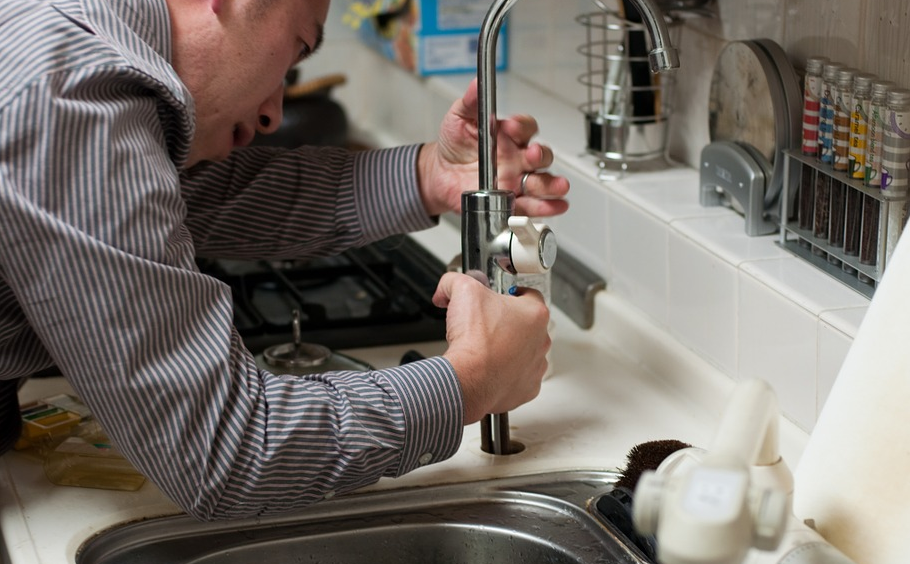 man fixing tap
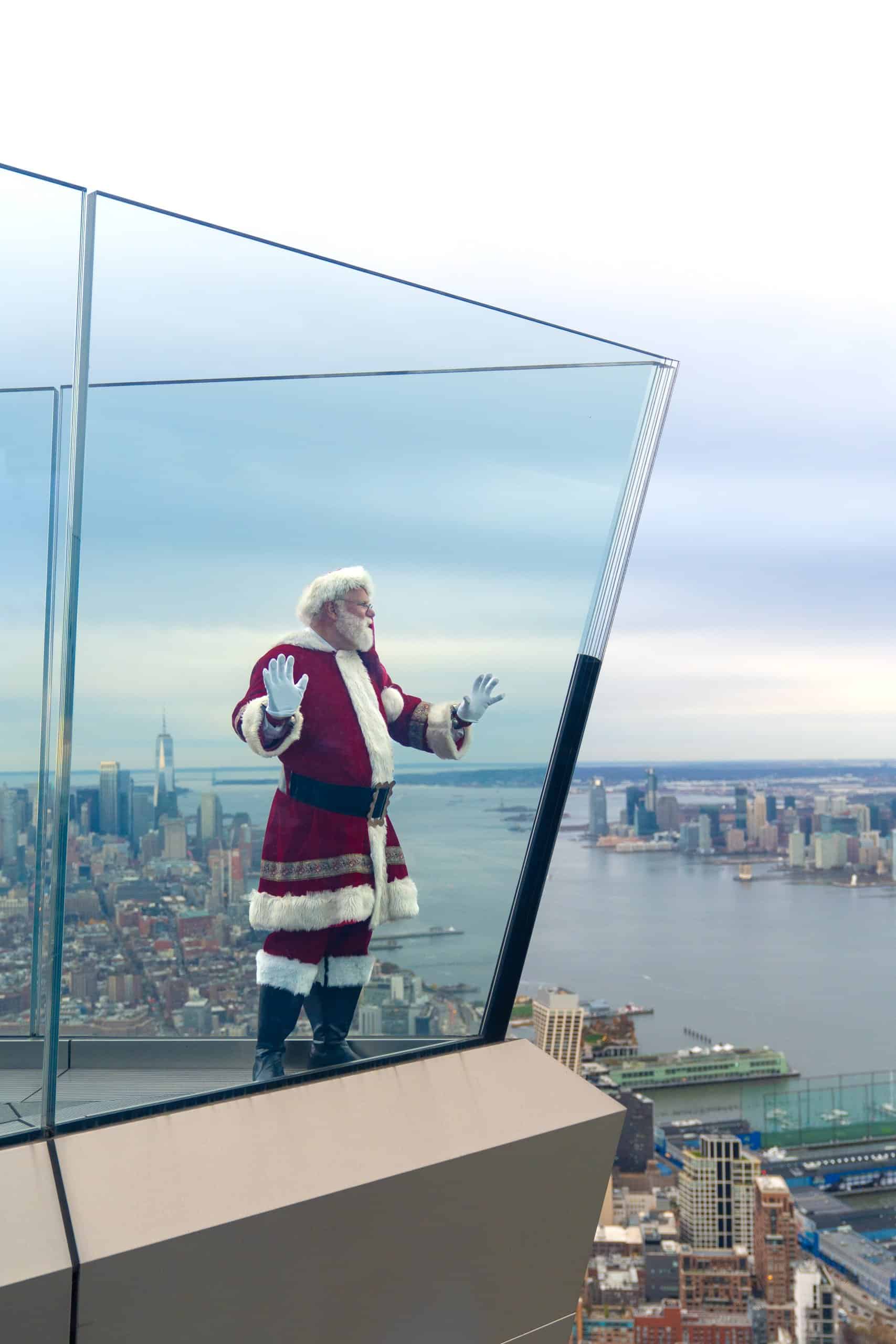 Santa holding the glass at the edge nyc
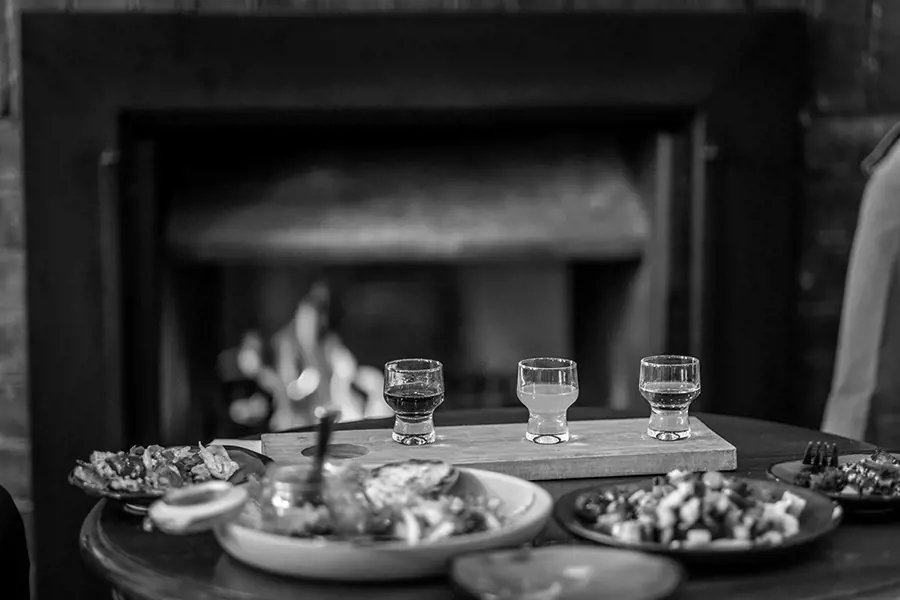 A rustic table set with hearty meals and a tasting paddle of drinks sits near a crackling fireplace, creating a warm and welcoming winter scene at the Empire Hotel.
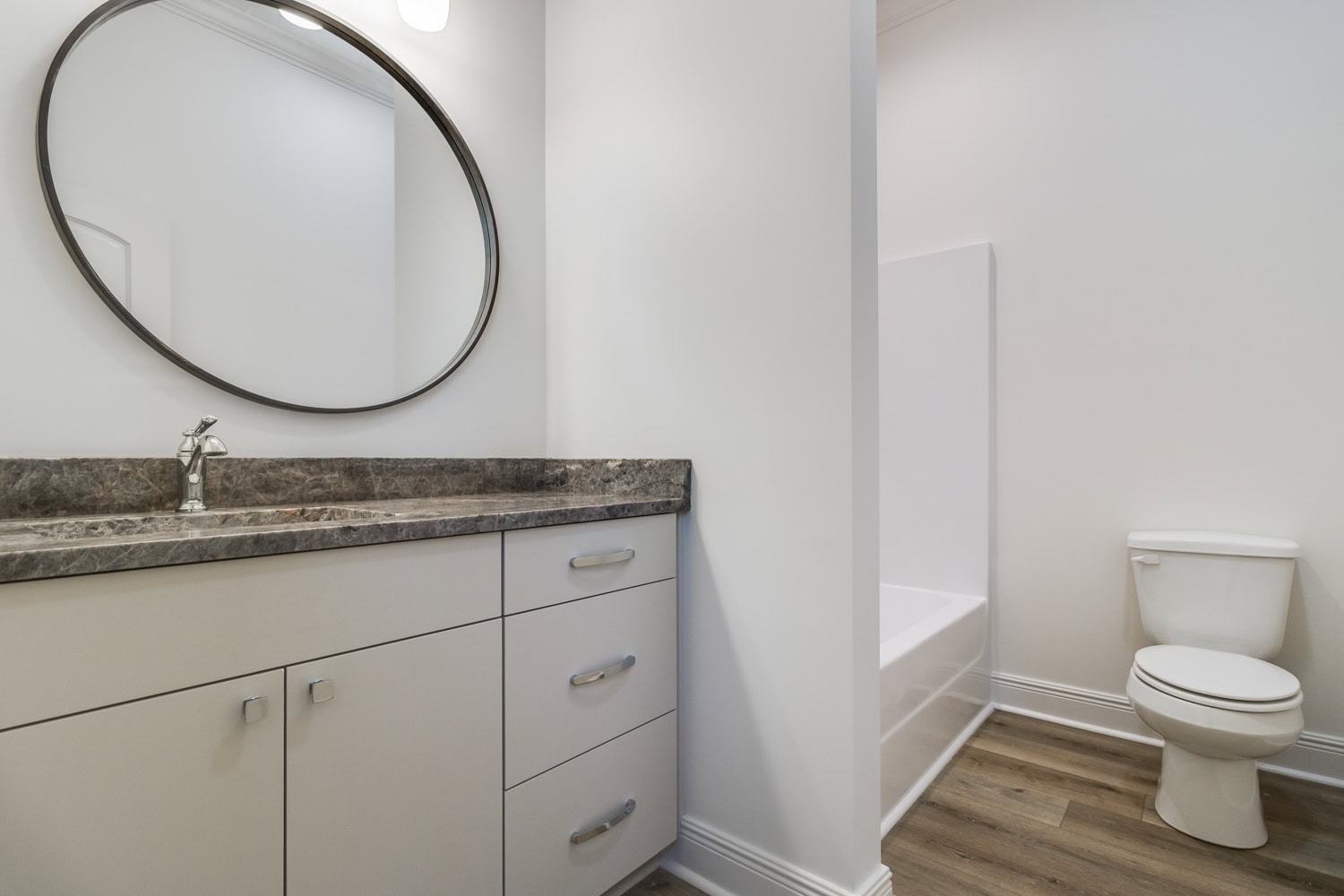 A bathroom with a marble countertop and sink, a large round mirror, white cabinets with silver handles, a toilet, and a bathtub with a white surround. The floor has wood-style flooring.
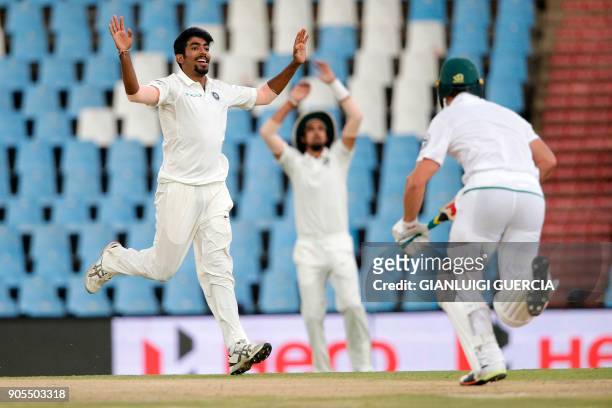 Indian bowler Jasprit Bumrah reacts after bowling on South African bowler AB de Villiers during the third day of the second Test cricket match...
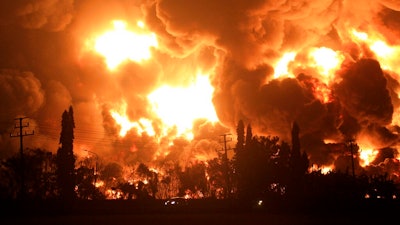 Cars pass by as fire razes through Pertamina Balongan Refinery in Indramayu, West Java, Indonesia, early Monday, March 29, 2021. Hundreds of people were evacuated from a nearby village after the massive fire broke out at the refinery.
+---+
■ Problem description: Without the pictures, copy the entries from their first line through the line containing "A rustic table", and only those lines.

■ Answer space:
 man fixing tap
 Santa holding the glass at the edge nyc
 A rustic table set with hearty meals and a tasting paddle of drinks sits near a crackling fireplace, creating a warm and welcoming winter scene at the Empire Hotel.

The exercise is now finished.